- **What you should do**:
Please write out word for word the opening lines of the material, including the line with "TITO | PetCurious" as the last.

Supplied entries Block Start

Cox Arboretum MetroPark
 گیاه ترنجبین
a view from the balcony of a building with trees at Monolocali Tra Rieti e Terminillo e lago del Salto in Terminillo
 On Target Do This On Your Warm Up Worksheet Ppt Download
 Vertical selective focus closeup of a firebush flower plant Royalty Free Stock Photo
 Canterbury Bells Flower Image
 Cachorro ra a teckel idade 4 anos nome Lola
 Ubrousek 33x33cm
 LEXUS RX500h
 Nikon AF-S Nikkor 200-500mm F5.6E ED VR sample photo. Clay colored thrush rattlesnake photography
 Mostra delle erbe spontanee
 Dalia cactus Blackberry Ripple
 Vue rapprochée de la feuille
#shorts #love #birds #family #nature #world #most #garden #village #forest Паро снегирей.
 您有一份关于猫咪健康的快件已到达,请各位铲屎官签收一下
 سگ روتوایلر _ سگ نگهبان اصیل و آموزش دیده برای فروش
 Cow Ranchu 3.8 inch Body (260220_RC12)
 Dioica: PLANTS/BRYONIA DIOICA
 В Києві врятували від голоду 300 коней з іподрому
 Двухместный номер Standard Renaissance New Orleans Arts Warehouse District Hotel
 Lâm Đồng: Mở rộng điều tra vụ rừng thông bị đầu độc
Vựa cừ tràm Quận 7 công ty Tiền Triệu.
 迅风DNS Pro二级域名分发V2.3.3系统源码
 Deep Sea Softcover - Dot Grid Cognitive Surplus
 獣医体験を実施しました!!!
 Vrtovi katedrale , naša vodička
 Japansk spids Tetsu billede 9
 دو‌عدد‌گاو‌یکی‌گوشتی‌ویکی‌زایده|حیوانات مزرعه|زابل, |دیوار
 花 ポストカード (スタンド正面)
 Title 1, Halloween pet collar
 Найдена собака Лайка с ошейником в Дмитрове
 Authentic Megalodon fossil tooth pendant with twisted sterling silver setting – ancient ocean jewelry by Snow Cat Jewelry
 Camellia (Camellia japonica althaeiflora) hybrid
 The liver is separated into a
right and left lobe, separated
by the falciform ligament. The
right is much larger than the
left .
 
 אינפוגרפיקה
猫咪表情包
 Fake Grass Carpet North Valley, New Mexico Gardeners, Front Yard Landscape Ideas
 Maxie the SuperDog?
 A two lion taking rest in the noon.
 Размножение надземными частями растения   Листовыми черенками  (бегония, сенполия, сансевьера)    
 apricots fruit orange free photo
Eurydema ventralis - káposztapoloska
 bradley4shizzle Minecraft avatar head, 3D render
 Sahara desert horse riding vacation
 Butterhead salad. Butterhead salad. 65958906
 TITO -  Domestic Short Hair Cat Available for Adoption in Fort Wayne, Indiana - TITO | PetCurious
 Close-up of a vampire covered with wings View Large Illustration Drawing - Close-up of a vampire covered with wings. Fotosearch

Supplied entries Block End

- **Response for this exercise**:
Cox Arboretum MetroPark
 گیاه ترنجبین
a view from the balcony of a building with trees at Monolocali Tra Rieti e Terminillo e lago del Salto in Terminillo
 On Target Do This On Your Warm Up Worksheet Ppt Download
 Vertical selective focus closeup of a firebush flower plant Royalty Free Stock Photo
 Canterbury Bells Flower Image
 Cachorro ra a teckel idade 4 anos nome Lola
 Ubrousek 33x33cm
 LEXUS RX500h
 Nikon AF-S Nikkor 200-500mm F5.6E ED VR sample photo. Clay colored thrush rattlesnake photography
 Mostra delle erbe spontanee
 Dalia cactus Blackberry Ripple
 Vue rapprochée de la feuille
#shorts #love #birds #family #nature #world #most #garden #village #forest Паро снегирей.
 您有一份关于猫咪健康的快件已到达,请各位铲屎官签收一下
 سگ روتوایلر _ سگ نگهبان اصیل و آموزش دیده برای فروش
 Cow Ranchu 3.8 inch Body (260220_RC12)
 Dioica: PLANTS/BRYONIA DIOICA
 В Києві врятували від голоду 300 коней з іподрому
 Двухместный номер Standard Renaissance New Orleans Arts Warehouse District Hotel
 Lâm Đồng: Mở rộng điều tra vụ rừng thông bị đầu độc
Vựa cừ tràm Quận 7 công ty Tiền Triệu.
 迅风DNS Pro二级域名分发V2.3.3系统源码
 Deep Sea Softcover - Dot Grid Cognitive Surplus
 獣医体験を実施しました!!!
 Vrtovi katedrale , naša vodička
 Japansk spids Tetsu billede 9
 دو‌عدد‌گاو‌یکی‌گوشتی‌ویکی‌زایده|حیوانات مزرعه|زابل, |دیوار
 花 ポストカード (スタンド正面)
 Title 1, Halloween pet collar
 Найдена собака Лайка с ошейником в Дмитрове
 Authentic Megalodon fossil tooth pendant with twisted sterling silver setting – ancient ocean jewelry by Snow Cat Jewelry
 Camellia (Camellia japonica althaeiflora) hybrid
 The liver is separated into a
right and left lobe, separated
by the falciform ligament. The
right is much larger than the
left .
 
 אינפוגרפיקה
猫咪表情包
 Fake Grass Carpet North Valley, New Mexico Gardeners, Front Yard Landscape Ideas
 Maxie the SuperDog?
 A two lion taking rest in the noon.
 Размножение надземными частями растения   Листовыми черенками  (бегония, сенполия, сансевьера)    
 apricots fruit orange free photo
Eurydema ventralis - káposztapoloska
 bradley4shizzle Minecraft avatar head, 3D render
 Sahara desert horse riding vacation
 Butterhead salad. Butterhead salad. 65958906
 TITO -  Domestic Short Hair Cat Available for Adoption in Fort Wayne, Indiana - TITO | PetCurious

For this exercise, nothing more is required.